Metadata-Version: 2.4
Name: pyrox-client
Version: 0.1.13
Summary: HYROX race data client – retrieve full race results via Python
Project-URL: Homepage, https://github.com/vmatei2/pyrox-client
Project-URL: Issues, https://github.com/vmatei2/pyrox-client/issues
Author: Vlad Matei
Classifier: License :: OSI Approved :: MIT License
Classifier: Operating System :: OS Independent
Classifier: Programming Language :: Python :: 3
Classifier: Programming Language :: Python :: 3 :: Only
Classifier: Programming Language :: Python :: 3.9
Classifier: Programming Language :: Python :: 3.10
Classifier: Programming Language :: Python :: 3.11
Classifier: Programming Language :: Python :: 3.12
Requires-Python: >=3.9
Requires-Dist: fastparquet>=2024.5.0
Requires-Dist: fsspec>=2024.2.0
Requires-Dist: httpx>=0.28.1
Requires-Dist: pandas>=2.2
Requires-Dist: platformdirs>=4.2.0
Requires-Dist: pyarrow<18.0.0,>=14.0.0
Requires-Dist: requests>=2.31
Requires-Dist: respx>=0.22.0
Requires-Dist: s3fs>=2024.2.0
Description-Content-Type: text/markdown

# pyrox-client

Unofficial Python client for HYROX race results — load public results into pandas DataFrames.

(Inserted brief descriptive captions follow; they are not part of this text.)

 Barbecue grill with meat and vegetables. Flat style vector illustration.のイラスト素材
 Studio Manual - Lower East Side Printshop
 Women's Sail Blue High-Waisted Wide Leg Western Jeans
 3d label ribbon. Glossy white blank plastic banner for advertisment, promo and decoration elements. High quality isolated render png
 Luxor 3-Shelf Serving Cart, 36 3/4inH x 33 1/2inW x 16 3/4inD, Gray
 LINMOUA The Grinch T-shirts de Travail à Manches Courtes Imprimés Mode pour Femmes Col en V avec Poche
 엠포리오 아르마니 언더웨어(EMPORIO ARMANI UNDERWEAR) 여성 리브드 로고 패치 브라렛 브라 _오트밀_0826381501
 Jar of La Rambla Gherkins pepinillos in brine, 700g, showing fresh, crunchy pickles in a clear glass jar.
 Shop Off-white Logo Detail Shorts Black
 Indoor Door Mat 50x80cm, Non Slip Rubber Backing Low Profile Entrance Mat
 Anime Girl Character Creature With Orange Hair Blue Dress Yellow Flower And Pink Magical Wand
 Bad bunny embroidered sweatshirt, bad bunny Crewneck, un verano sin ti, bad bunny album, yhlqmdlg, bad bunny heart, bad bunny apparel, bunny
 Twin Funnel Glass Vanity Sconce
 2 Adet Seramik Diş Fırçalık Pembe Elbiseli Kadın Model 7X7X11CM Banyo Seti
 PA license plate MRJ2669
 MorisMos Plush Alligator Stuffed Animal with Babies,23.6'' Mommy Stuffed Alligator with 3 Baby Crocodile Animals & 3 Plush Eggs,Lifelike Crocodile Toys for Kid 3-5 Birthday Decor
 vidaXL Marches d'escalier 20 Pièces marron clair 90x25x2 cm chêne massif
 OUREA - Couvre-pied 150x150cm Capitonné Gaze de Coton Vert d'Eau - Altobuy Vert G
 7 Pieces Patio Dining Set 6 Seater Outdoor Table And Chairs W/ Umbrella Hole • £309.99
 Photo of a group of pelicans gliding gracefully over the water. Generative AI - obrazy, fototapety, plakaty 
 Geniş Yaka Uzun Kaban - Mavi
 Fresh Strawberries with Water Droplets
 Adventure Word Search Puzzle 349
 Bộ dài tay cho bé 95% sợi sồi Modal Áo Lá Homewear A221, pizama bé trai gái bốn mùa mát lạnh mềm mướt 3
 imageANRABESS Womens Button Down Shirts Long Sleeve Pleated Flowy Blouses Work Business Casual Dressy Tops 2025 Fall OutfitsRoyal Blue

[![PyPI - Version](https://img.shields.io/pypi/v/pyrox-client.svg)](https://pypi.org/project/pyrox-client/)
[![Wheel](https://img.shields.io/pypi/wheel/pyrox-client.svg)](https://pypi.org/project/pyrox-client/)
[![Downloads](https://static.pepy.tech/badge/pyrox-client/month)](https://pepy.tech/project/pyrox-client)

> Load HYROX race results into pandas in a few lines. Built for people who love fitness *and* data.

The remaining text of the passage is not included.